TEGUCIGALPA, Nov 27 (Reuters) - A left-right coalition led by a flamboyant TV host took a surprise lead in the Honduran presidential election, initial results showed on Monday, upsetting forecasts that the crime-fighting, U.S.-allied incumbent would comfortably win.

With 57 percent of ballot boxes counted, Salvador Nasralla was ahead with an almost 5 point margin at 45 percent, according to the first official results, released nearly 10 hours after voting ended.

Nasralla, who helms the Opposition Alliance Against the Dictatorship, had 45.17 percent of the vote, while the National Party's Hernandez had 40.21 percent, according to the country's election tribunal.

A victory for Nasralla would be a blow for the United States, which sees Hernandez as a reliable ally in tackling drug trafficking, gangs and migration. The United States has longstanding military ties to Honduras and few ideological allies among the current crop of Central American presidents.

The attempt by Hernandez to clinch a second term was divisive in the poor Central American country.

Honduras is still trying to overcome the after effects of a 2009 coup that ensued when former President Manuel Zelaya, an ally of late Venezuelan leader Hugo Chavez, proposed a referendum on lifting term limits.

Zelaya was at Nasralla's side on Monday morning. As coordinator and, many believe, the true power in the Alliance, Zelaya would be a major beneficiary if Nasralla wins.

Zelaya was ditched amid fears he was plotting to adopt socialist policies in Honduras, a country where a conservative business class wields enormous power. The United States wrestled with how to handle the coup, and Zelaya remains a bogeyman for U.S. officials and many of Honduras' elite.

"We won," Zelaya wrote on Twitter.

The son of a wealthy landowner, Zelaya nearly returned to political prominence in the 2013 election, when his wife, Xiomara Castro, lost out to Hernandez. With his big black mustache and penchant for cowboy hats, he is a larger than life personality who splits opinion.

Several members of the country's business elite told Reuters that Zelaya's reputation for being a rabble rouser was ill-founded and out of date. Instead, they said, he was simply opportunistic, adding that the United States disliked him for being "chaotic" and untrustworthy.

Nasralla, on the other hand, is one of the country's best known faces as the host of game shows featuring scantily-clad women by his side. With his booming voice and finely coiffed hair, he looked poised to be the latest entertainment star in the Americas to breach the upper echelons of political power.

Like U.S. President Donald Trump, Nasralla's bid resonated with voters tired of two-party dominance.

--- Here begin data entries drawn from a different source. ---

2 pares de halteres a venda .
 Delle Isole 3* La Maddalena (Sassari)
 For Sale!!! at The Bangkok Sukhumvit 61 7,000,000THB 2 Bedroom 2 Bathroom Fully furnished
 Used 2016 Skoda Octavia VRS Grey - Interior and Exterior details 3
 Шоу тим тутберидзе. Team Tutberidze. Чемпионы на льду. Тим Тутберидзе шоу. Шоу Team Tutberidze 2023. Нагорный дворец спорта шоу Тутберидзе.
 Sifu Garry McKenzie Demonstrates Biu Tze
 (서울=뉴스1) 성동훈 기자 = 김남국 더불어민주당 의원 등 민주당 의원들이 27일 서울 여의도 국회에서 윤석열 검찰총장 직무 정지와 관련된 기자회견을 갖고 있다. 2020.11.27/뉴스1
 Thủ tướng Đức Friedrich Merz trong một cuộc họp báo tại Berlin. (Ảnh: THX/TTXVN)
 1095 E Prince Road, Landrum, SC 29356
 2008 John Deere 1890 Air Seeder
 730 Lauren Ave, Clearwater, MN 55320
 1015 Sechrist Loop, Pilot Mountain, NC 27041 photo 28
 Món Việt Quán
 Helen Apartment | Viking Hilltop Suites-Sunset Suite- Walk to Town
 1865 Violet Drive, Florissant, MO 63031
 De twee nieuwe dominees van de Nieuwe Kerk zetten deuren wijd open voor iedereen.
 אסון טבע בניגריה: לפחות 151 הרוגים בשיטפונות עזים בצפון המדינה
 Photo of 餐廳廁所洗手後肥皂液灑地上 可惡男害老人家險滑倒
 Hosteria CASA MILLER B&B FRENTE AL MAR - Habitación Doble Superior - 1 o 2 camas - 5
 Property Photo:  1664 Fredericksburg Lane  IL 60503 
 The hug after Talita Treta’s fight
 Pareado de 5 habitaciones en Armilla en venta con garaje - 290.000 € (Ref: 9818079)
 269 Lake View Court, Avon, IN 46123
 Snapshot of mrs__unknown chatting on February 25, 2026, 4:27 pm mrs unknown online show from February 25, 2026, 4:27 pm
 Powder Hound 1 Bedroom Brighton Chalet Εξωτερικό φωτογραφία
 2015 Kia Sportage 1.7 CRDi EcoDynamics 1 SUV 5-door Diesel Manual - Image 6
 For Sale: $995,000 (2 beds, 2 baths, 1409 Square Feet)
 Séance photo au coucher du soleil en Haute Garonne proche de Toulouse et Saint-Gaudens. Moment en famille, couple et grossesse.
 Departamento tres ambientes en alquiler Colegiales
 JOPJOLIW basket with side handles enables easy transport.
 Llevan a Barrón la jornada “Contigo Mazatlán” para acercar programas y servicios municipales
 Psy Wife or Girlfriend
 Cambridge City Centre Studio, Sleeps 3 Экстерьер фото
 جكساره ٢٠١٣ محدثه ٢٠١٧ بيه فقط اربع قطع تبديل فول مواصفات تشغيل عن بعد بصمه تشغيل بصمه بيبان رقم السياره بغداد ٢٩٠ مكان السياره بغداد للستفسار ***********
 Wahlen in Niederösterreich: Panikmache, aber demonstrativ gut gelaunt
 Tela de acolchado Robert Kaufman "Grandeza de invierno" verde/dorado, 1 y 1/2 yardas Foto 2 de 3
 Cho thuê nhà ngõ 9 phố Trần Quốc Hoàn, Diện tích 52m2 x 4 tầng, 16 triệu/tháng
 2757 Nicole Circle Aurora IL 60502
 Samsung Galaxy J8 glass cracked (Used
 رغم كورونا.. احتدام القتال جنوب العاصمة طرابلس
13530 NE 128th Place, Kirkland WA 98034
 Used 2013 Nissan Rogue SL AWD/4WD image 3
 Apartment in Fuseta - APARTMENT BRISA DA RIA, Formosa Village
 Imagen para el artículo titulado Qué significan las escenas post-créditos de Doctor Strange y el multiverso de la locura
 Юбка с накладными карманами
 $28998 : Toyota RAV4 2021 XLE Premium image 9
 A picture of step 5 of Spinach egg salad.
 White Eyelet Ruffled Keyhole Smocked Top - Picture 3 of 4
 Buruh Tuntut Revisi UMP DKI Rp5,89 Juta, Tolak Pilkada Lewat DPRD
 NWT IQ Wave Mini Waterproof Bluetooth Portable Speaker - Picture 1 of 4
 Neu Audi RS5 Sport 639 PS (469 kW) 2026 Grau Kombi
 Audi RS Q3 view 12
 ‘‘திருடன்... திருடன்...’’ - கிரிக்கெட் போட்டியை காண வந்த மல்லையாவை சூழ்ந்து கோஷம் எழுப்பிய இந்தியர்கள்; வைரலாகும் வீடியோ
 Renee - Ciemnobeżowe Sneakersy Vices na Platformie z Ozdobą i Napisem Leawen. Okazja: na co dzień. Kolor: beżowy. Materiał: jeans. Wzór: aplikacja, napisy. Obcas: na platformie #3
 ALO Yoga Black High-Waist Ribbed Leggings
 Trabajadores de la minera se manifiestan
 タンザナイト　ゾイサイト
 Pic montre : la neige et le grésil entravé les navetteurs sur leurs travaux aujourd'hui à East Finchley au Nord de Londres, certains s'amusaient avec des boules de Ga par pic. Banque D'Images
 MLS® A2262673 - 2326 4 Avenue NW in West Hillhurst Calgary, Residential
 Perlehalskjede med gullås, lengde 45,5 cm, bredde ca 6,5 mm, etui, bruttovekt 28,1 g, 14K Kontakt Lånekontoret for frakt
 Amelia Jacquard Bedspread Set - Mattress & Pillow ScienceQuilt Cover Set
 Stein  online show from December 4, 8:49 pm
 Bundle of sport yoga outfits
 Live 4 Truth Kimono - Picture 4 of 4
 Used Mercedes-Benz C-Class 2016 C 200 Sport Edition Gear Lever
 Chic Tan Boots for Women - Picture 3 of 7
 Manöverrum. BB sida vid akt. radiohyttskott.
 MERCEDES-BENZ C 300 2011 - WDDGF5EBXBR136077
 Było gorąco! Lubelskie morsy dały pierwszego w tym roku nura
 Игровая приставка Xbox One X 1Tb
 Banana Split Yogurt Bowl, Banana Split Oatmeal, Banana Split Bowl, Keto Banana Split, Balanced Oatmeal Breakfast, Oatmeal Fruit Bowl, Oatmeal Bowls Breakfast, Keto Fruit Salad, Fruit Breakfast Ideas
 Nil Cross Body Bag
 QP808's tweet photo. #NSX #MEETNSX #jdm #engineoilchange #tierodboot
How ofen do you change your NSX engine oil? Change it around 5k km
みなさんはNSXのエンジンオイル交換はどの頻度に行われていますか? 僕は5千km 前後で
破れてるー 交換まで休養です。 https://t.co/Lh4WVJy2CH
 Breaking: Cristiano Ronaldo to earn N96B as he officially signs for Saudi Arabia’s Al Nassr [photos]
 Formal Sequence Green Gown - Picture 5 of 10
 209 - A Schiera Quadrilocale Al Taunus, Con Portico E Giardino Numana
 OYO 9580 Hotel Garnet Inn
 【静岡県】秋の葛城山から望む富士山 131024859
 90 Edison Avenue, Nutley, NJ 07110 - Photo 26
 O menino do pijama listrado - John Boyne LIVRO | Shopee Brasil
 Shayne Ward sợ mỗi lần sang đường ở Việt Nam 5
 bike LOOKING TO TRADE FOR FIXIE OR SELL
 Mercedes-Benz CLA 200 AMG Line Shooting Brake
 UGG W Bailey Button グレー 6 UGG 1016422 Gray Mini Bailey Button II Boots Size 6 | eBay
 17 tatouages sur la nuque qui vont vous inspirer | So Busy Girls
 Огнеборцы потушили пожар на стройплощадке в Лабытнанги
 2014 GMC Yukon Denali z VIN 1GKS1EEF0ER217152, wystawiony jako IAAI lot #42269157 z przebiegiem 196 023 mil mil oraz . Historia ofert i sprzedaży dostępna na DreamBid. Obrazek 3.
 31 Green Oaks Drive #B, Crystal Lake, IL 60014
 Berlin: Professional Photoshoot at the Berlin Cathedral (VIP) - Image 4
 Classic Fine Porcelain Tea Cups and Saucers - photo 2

Polls, including one released after voting ended on Sunday, had shown Hernandez likely to easily win a second term that would have made him the first president re-elected since Honduras shed military rule nearly four decades ago. The bid was made possible by a contentious 2015 decision by the Supreme Court.

After the results were announced, Hernandez delivered a brief statement, reiterating that he had won, and urging supporters to wait for fresh results to come in from rural areas, where he enjoys greater support.

FIGHT AGAINST GANGS

Nasralla promises to put an end to years of violence, poverty and graft, and says he will ask the United Nations to install an anti-graft body, similar to one operating in Guatemala, to probe and bring charges in corruption cases.

He would maintain the Military Police created by Hernandez but wants to start a community police force to work in violent slums. He would also continue firing corrupt national police officers, while hiring up to 25,000 new recruits.

Plans for the economy are vague, but the coalition has proposed lowering sales tax and slashing a Hernandez-imposed corporate levy that has enraged the private sector.

Hernandez, 49, has been credited with lowering a sky-high murder rate, accelerating economic growth and cutting the deficit since he took office in 2014, but has also been hurt by accusations of ties to drug and graft-stained financing and claims he is plotting a power grab.